What needs to be done. With the pictures left out, retype exactly the lines below starting at the line that contains "Frankreich, Haut Rhin, Colmar, Petite" and ending at the line that contains "Strawflower Graphic Horse Print Sweater Set".

Records provided.
————————
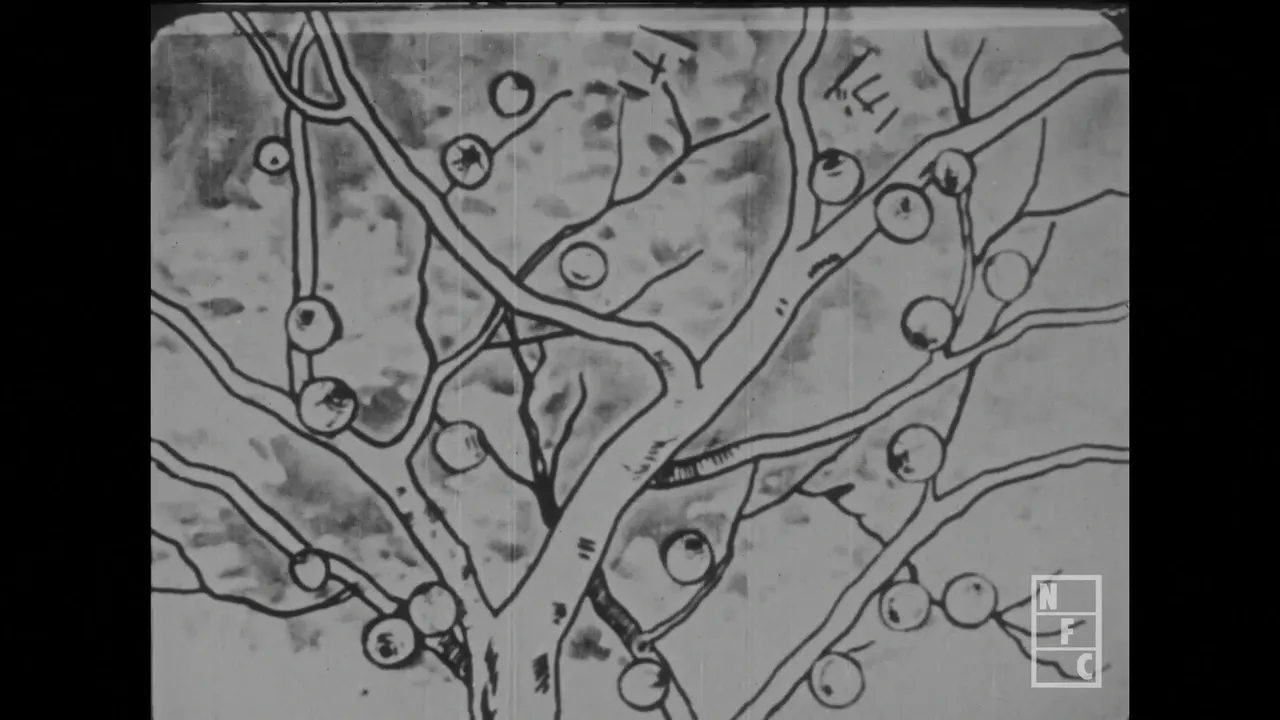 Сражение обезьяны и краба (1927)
————————
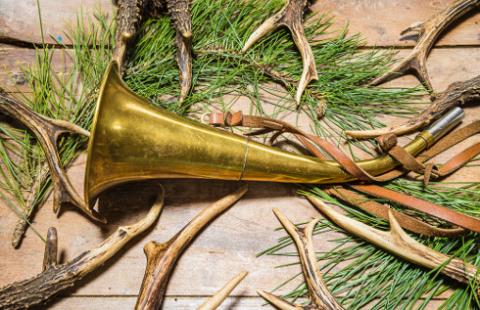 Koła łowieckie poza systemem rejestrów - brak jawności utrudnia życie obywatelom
————————
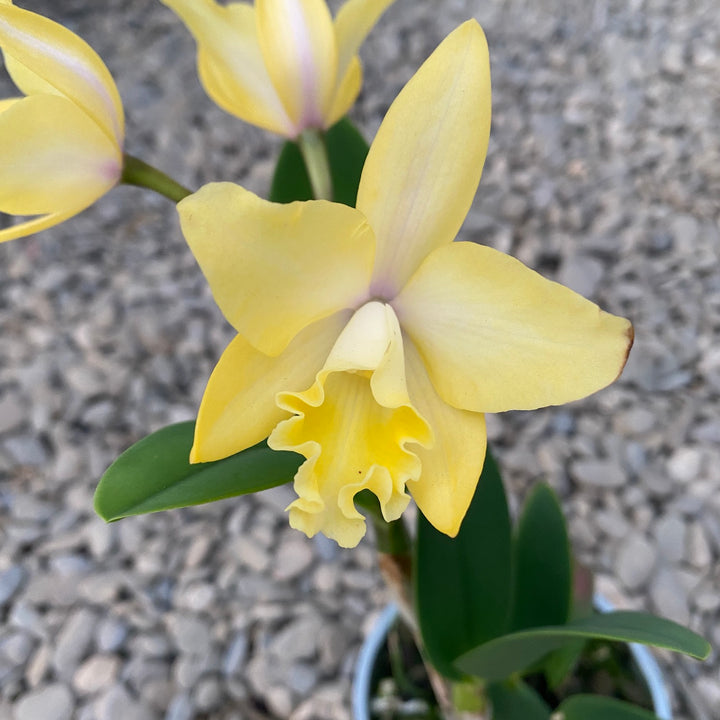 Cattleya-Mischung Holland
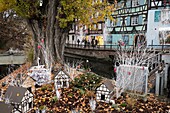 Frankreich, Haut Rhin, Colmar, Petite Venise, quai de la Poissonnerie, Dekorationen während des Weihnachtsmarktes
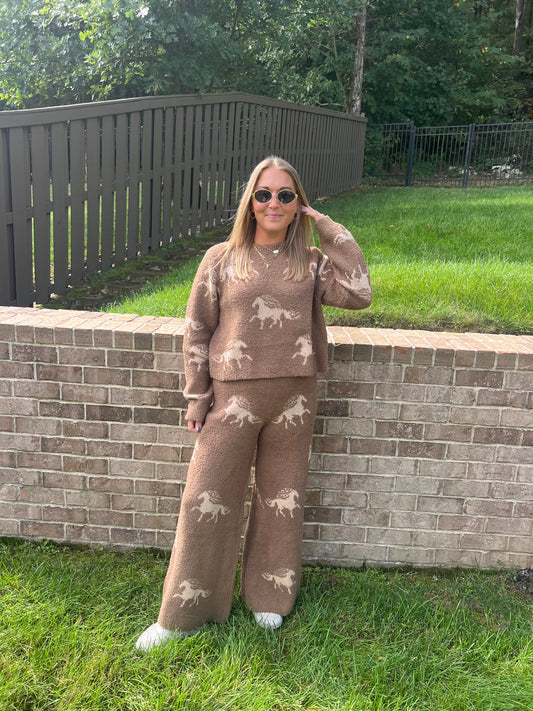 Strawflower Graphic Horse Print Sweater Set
————————
Response for this exercise.
 Frankreich, Haut Rhin, Colmar, Petite Venise, quai de la Poissonnerie, Dekorationen während des Weihnachtsmarktes
 Strawflower Graphic Horse Print Sweater Set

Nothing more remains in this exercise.